• _Provided records_:
============

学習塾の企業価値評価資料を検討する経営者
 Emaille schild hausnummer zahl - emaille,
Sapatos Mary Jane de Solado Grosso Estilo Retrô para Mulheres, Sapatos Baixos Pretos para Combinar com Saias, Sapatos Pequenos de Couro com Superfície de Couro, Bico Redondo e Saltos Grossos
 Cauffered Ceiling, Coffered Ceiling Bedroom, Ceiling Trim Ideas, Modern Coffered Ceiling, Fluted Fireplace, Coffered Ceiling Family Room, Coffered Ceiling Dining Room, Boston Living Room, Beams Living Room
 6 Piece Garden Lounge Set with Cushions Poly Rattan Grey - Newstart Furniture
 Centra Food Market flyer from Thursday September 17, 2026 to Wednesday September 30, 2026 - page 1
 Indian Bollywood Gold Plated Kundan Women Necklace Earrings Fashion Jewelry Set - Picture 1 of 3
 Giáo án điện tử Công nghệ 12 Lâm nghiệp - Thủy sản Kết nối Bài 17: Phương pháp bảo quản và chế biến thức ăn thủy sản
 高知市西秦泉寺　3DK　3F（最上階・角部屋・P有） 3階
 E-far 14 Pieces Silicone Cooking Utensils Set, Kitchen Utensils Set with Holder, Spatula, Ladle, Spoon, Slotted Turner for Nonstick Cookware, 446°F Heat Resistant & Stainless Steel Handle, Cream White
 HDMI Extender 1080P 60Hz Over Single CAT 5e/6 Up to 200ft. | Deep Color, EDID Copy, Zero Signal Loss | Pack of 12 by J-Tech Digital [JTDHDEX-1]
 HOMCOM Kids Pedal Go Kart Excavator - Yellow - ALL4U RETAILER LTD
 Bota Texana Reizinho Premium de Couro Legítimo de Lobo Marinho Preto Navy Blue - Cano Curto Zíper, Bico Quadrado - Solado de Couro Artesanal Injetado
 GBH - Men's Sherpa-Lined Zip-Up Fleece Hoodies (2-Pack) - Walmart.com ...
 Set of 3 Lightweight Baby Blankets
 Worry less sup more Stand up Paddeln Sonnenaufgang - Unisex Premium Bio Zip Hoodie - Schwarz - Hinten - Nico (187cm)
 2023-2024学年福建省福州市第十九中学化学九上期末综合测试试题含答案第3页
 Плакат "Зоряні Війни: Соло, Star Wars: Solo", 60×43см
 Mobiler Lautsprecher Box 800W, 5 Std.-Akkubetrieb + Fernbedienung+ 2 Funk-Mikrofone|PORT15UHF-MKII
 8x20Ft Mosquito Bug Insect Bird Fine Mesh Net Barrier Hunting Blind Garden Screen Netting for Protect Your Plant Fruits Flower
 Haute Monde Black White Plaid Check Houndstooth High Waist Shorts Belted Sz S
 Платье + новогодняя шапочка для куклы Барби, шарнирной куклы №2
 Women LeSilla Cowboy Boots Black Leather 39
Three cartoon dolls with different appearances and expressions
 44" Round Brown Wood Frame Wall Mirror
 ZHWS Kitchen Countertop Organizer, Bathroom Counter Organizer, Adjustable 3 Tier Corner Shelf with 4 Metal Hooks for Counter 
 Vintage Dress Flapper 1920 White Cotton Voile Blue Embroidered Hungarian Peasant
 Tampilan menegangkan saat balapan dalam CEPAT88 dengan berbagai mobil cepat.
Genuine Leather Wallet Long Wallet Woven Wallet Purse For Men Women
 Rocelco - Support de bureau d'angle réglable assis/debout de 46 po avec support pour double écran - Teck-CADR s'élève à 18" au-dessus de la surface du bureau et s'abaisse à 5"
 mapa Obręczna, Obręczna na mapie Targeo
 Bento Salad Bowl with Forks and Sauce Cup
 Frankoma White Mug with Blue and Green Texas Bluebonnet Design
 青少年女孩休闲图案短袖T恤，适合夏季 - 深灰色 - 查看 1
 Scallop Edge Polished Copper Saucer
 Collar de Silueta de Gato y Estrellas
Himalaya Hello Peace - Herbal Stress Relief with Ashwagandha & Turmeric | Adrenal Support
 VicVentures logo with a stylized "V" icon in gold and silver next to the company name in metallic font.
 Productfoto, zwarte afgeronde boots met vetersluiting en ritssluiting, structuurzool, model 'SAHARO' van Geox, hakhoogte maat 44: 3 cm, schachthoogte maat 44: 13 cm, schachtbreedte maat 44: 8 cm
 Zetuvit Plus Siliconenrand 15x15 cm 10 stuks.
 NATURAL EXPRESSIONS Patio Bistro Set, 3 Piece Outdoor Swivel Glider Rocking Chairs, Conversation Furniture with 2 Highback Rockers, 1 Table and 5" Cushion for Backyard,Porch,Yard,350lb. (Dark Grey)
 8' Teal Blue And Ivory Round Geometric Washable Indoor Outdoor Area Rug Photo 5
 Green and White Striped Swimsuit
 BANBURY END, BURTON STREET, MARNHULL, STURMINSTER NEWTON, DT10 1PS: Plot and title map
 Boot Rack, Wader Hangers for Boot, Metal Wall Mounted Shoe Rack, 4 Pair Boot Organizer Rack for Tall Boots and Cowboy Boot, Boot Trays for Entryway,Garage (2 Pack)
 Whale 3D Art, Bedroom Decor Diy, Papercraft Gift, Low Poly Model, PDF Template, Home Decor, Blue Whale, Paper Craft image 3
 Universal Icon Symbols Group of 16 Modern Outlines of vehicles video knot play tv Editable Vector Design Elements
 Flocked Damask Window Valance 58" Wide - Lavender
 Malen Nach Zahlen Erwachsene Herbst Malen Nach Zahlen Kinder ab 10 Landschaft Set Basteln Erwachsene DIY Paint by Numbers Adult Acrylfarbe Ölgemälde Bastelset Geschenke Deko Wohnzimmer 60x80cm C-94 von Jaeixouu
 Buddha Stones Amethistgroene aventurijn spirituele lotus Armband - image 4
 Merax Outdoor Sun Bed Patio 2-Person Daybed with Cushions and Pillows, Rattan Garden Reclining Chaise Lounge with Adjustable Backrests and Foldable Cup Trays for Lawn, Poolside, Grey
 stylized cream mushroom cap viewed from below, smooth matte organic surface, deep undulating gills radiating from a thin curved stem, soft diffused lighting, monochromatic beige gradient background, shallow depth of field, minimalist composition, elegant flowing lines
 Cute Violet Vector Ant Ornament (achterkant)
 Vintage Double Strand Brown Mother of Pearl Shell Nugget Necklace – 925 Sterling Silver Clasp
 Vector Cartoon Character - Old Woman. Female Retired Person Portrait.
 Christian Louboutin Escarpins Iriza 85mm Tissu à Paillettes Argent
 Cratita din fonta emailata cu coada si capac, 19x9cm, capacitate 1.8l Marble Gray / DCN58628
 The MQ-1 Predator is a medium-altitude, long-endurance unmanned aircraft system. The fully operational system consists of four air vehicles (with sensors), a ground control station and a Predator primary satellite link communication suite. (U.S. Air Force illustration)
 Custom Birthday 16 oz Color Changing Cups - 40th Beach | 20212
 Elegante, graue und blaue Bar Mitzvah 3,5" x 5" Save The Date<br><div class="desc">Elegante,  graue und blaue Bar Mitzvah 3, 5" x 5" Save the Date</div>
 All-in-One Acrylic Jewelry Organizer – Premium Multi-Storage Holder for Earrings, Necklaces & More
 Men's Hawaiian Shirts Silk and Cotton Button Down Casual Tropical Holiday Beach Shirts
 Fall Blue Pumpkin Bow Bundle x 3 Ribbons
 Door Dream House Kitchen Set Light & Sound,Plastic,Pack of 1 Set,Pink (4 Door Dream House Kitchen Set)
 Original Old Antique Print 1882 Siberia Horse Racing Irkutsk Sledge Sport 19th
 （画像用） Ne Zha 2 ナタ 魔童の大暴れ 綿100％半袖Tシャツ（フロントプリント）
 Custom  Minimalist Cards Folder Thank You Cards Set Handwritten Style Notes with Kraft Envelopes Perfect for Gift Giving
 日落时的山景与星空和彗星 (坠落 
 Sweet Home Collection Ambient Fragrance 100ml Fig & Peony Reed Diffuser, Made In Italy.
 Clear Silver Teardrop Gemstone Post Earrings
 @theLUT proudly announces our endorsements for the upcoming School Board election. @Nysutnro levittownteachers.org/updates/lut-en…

============

• _The problem_: Go through the listing above and find each line containing the string "Earrings"; copy those lines.

• _Response to the task_:
 Indian Bollywood Gold Plated Kundan Women Necklace Earrings Fashion Jewelry Set - Picture 1 of 3
 All-in-One Acrylic Jewelry Organizer – Premium Multi-Storage Holder for Earrings, Necklaces & More
 Clear Silver Teardrop Gemstone Post Earrings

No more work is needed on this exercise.